Le virus d’Epstein-Barr sous pression

Le virus d’Epstein-Barr (ou EBV) peut, chez certaines personnes, induire un cancer en déjouant leur système immunitaire. Deux équipes Inserm ont développé un modèle cellulaire permettant d’identifier des molécules thérapeutiques ciblant les mécanismes de ce camouflage mis en jeu par le virus. Autant dire que ce dernier a du souci à se faire.

© CDC/Dr. Paul M. Feorino Cellules leucémiques contenant des virus d’Epstein-Barr.

Un espoir de traitement pour les cancers liés au virus d’Epstein-Barr (EBV) : telle est la voie ouverte par les travaux de deux équipes* de l’Inserm. Elles ont en effet découvert un moyen d’induire la reconnaissance des cellules tumorales infectées par le virus d’EBV par le système immunitaire. 

Ce virus extrêmement répandu dans la population générale peut persister plusieurs années à l’état latent. Chez l’enfant, l’infection est le plus souvent imperceptible lorsqu’elle survient. En revanche, chez l’adolescent et l’adulte, le virus peut déclencher une mononucléose infectieuse, voire des tumeurs lymphoïdes ou épithéliales. « Le système immunitaire contrôle généralement ce phénomène, mais sous l’influence de divers facteurs, notamment une immunodépression chez les personnes infectée par le VIH ou qui ont reçu une greffe, l’EBV peut provoquer le développement de cancers », expliquent les chercheurs. 

Un domaine à cibler

Le développement des cancers liés à l’EBV est en partie dû à l’incapacité du système immunitaire à reconnaître les lymphocytes B infectés et à les éliminer. En effet, le virus à l’état latent produit une protéine, EBNA1, qui a particularité d’être « furtive ». Cette protéine est essentielle au maintien du génome viral dans les cellules de l’hôte lors de leurs divisions. 
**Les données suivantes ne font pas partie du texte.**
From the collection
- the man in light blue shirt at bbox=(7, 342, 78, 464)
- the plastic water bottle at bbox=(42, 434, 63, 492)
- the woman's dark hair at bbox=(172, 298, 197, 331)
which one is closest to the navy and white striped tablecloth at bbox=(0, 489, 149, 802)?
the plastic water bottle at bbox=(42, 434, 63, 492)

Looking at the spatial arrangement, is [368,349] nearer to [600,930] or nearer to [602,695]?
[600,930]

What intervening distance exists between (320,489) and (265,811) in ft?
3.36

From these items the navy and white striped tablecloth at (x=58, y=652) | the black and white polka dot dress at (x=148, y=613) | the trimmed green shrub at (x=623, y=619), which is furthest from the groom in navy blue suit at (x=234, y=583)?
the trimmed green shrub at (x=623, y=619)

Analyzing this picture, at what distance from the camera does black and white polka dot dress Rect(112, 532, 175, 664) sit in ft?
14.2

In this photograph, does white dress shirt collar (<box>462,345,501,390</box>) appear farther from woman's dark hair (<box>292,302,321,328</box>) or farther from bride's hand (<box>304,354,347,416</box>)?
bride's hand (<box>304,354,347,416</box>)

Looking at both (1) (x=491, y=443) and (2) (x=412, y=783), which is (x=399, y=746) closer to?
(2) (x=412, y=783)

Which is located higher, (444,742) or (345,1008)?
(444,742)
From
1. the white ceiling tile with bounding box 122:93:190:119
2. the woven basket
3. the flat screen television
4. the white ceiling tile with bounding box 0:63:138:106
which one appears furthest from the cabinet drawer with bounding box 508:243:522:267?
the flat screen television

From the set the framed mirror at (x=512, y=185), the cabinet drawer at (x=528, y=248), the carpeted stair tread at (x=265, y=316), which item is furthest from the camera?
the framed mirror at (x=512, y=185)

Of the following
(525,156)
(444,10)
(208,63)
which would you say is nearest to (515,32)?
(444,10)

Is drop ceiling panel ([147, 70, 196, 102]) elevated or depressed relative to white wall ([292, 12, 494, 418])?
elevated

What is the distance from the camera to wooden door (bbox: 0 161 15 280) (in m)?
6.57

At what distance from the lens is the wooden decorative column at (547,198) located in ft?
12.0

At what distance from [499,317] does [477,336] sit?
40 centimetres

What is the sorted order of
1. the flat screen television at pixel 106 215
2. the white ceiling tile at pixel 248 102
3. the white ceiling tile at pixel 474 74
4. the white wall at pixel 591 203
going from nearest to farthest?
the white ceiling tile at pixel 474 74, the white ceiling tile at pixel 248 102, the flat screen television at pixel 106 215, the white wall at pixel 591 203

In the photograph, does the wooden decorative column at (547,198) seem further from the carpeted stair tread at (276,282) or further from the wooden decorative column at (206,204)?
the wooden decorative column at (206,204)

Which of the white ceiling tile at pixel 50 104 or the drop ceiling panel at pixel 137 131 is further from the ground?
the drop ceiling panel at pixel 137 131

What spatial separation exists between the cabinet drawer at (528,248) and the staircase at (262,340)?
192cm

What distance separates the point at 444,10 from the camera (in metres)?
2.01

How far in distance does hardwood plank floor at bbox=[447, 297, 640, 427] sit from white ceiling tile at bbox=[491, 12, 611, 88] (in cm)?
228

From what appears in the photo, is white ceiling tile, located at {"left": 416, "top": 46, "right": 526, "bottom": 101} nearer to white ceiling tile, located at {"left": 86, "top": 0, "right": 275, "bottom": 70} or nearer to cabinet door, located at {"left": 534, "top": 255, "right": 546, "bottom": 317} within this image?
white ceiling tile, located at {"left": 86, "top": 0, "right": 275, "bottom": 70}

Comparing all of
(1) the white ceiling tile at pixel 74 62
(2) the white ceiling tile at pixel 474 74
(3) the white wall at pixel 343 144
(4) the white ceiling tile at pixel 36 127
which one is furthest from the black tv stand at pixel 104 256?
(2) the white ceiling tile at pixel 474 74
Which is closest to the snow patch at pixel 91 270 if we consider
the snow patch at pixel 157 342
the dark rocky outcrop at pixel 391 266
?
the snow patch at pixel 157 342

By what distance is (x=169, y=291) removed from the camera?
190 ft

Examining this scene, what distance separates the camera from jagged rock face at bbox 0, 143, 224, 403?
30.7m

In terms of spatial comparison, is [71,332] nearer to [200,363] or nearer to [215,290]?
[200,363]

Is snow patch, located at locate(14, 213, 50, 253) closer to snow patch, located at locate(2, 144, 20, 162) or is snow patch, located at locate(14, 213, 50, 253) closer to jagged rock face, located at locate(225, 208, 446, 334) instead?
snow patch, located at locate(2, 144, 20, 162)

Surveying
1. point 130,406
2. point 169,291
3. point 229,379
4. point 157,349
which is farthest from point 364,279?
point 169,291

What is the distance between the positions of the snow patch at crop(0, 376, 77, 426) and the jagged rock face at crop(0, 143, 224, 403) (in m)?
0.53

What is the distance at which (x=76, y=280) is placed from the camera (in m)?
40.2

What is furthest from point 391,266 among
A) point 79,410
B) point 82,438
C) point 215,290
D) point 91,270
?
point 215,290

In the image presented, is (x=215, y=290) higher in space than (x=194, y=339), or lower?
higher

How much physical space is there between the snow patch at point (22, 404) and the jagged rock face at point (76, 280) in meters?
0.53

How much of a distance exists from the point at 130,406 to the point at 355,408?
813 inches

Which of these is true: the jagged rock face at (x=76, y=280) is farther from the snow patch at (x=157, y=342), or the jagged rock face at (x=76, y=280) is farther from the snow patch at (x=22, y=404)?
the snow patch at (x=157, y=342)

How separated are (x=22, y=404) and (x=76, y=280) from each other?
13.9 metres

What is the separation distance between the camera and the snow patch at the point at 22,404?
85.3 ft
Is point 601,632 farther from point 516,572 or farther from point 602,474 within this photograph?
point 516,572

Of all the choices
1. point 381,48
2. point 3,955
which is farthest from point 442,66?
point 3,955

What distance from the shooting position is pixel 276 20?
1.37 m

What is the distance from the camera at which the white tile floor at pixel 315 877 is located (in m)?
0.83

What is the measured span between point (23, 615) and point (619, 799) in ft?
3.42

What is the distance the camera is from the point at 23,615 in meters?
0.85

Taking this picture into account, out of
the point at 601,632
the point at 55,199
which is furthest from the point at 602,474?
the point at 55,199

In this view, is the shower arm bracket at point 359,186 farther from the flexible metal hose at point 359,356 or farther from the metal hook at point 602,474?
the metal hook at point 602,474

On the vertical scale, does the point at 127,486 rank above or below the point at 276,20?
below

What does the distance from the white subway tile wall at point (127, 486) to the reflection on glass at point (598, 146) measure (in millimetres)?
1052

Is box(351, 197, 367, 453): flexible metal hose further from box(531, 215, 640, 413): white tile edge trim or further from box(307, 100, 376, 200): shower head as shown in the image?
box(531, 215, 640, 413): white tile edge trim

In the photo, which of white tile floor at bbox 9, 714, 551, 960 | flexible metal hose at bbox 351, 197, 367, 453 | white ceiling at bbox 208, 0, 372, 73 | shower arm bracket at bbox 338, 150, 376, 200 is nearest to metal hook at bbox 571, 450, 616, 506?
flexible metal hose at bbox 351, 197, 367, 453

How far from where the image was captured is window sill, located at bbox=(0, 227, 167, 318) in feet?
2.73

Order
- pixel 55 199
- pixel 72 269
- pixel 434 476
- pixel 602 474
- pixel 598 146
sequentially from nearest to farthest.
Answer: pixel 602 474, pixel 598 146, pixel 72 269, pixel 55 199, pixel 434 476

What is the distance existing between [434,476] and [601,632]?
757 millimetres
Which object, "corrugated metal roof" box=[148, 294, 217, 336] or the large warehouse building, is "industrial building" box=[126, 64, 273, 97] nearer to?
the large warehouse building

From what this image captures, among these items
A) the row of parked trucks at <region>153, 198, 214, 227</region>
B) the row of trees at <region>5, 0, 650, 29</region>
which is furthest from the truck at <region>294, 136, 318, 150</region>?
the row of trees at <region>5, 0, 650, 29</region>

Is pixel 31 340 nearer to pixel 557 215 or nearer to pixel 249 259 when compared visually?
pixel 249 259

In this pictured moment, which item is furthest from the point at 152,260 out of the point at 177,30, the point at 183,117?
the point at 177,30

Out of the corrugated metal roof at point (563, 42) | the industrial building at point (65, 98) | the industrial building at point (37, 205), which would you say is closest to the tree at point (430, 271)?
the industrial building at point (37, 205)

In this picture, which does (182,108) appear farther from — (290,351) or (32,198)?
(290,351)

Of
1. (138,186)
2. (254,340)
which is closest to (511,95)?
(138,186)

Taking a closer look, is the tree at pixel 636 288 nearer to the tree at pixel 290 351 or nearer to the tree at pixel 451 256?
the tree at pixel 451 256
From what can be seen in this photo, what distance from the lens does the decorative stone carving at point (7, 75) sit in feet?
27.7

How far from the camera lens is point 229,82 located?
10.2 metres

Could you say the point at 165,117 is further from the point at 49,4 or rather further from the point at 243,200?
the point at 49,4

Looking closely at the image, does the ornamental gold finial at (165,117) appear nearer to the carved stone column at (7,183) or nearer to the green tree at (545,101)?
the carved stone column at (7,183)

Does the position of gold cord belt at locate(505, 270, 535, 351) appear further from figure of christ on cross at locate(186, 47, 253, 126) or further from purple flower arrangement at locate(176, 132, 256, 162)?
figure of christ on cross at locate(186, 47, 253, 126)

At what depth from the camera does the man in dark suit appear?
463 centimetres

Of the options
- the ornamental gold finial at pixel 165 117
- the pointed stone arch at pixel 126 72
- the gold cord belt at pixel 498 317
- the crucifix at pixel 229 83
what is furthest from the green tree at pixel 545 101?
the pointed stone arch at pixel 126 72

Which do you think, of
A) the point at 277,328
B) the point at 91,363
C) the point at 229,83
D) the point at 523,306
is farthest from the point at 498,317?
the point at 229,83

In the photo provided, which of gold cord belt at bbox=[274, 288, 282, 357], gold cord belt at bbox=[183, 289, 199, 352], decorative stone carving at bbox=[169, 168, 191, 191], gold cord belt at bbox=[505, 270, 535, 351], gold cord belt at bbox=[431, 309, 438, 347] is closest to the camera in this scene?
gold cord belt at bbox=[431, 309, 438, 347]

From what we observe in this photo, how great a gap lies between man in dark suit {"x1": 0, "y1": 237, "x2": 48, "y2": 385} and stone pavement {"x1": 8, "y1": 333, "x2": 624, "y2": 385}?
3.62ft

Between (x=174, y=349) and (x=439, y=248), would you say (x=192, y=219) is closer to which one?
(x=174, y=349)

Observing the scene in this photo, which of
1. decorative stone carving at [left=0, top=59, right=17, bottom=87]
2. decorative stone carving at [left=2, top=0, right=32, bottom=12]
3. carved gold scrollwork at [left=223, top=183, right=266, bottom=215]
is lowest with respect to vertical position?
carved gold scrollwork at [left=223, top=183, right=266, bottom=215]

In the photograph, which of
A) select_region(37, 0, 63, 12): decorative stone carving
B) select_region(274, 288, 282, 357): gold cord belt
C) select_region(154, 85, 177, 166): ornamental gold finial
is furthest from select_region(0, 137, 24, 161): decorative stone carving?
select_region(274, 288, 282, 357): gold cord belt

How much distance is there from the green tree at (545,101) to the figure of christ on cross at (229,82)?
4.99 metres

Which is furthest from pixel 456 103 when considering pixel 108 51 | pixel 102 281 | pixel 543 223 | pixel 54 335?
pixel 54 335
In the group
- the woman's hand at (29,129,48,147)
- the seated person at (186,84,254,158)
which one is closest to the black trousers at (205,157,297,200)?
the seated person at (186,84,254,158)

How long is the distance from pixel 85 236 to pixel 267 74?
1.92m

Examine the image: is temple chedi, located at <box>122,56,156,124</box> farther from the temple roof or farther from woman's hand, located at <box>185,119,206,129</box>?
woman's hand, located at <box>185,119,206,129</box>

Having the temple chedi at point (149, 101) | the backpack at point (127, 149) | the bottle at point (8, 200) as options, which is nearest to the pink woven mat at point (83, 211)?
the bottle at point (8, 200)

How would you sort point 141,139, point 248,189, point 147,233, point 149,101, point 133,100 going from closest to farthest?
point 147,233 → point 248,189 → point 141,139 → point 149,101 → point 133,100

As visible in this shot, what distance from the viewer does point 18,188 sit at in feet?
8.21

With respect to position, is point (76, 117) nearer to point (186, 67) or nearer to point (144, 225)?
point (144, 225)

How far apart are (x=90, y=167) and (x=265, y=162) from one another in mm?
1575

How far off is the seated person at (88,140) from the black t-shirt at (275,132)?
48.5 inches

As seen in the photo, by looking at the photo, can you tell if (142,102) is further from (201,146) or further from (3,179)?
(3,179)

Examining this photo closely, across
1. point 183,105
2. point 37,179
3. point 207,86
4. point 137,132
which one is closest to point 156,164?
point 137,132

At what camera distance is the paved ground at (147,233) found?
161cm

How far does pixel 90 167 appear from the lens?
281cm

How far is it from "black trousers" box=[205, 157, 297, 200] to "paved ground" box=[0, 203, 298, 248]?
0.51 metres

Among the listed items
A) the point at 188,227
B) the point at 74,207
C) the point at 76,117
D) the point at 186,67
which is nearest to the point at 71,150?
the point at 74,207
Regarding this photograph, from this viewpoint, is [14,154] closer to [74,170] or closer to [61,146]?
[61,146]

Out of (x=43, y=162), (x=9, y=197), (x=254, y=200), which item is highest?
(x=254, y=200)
La furtivité de la protéine EBNA1 est due à un des « domaines » qui la compose, le domaine GAr. Il empêche en effet les ribosomes, les usines de production des protéines, de produire des peptides immunogènes issus de cette protéine. Ainsi, les cellules infectées ne présentent pas (ou seulement très peu) de peptides antigéniques à leur surface : cela les rend « invisibles » au système immunitaire. 

Un modèle de criblage au point

Forts de ces observations, les chercheurs ont entrepris d’identifier des molécules capables de bloquer l’action du domaine GAr, pour restaurer la production de peptides antigéniques issus de la protéine EBNA1. Dans ce but, ils ont développé un modèle permettant de cribler un grand nombre de molécules potentiellement thérapeutiques. Les chercheurs ont choisi de travailler chez la levure : ils ont modifié le patrimoine génétique de levures de sorte à leur faire prendre une couleur différente en cas d’activation ou d’inhibition de l’activité des ribosomes par le domaine GAr. Grâce à ce modèle, ils ont ensuite criblé des banques de composés et identifié une substance qui bloque efficacement l’action du domaine : la doxorubicine, un médicament déjà utilisé en cancérologie. L’activité de la molécule a ensuite été confirmée sur des cellules de mammifères. 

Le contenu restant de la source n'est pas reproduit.